When I first started blogging twenty years ago, I wrote about going to Walgreen’s for a passport photo. That post said:
I went to my local Walgreen’s yesterday to obtain the two photos required by our government to have one’s passport renewed. Sure enough, in the photo department a woman waited with a Polaroid camera and a pull-down screen that provided the obligatory white backdrop. She propped me up in front of the screen, made furrows in her forehead, and said, “Don’t smile.”
I obliged, although I wondered why smiling, or lack thereof, was part of the process. It wasn’t necessary to ask aloud, since the woman’s explanation was forthcoming. “We’ve received new government guidelines,” she said. “Applicants are not to smile since it changes their appearances.”
Her sincerity could not be doubted, but her answer made me wonder where this idea originated. I also wondered how much money the government spent sending the guidelines to every Walgreen’s as well as to every other place that offers passport photos.

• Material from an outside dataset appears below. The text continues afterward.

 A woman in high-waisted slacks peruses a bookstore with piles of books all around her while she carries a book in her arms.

I can see a variety of consequences to the “No Smiling” order. Airport security personnel will add another item to their burgeoning checklist. Anyone who currently possesses a passport with a smiling photo will be asked to replicate the smile before hearing an official say, “Yes, it’s you. Go on through.”

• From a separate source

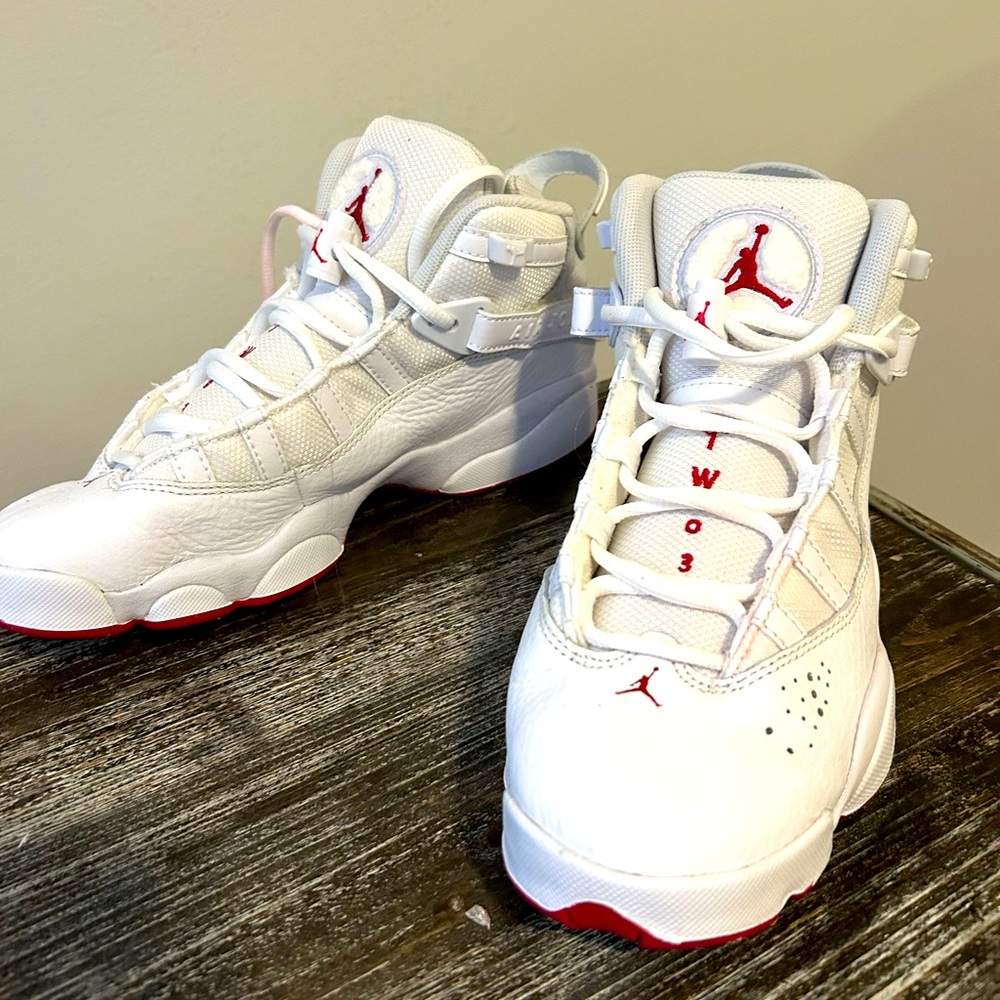 Red and white Nike Jordan’s size 7. 1/2 very clean only worn once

Then when American tourists are asked to show their passports in other countries, we’ll all appear as a somber bunch. This might be interpreted as proof that we don’t like living in our country. We’ll all look older too, since smiles tend to de-age the face and our photos will be smile-less.
I wonder if those who issue drivers’ licenses will follow suit.
Today I returned to Walgreen’s for an updated passport photo. This time, a young man the size of Hulk Hogan had the Polaroid and the pull-down screen. But I beat him to the punchline about not smiling.
“Yes,” he said, “It’s still in effect. Please look straight at me.”
A few minutes later the updated, non-smiling, two-inch square, 2024 version of my passport photo was in my hand. It cost almost twice as much as it did in 2004. Come to think of it, that’s not the only change. There’s been continuous war, mass shootings, global catastrophes, social media explosions, and political chicanery.
Perhaps those government officials who issued the No Smiling Edict twenty years ago were clairvoyant, because there isn’t a lot to smile about these days.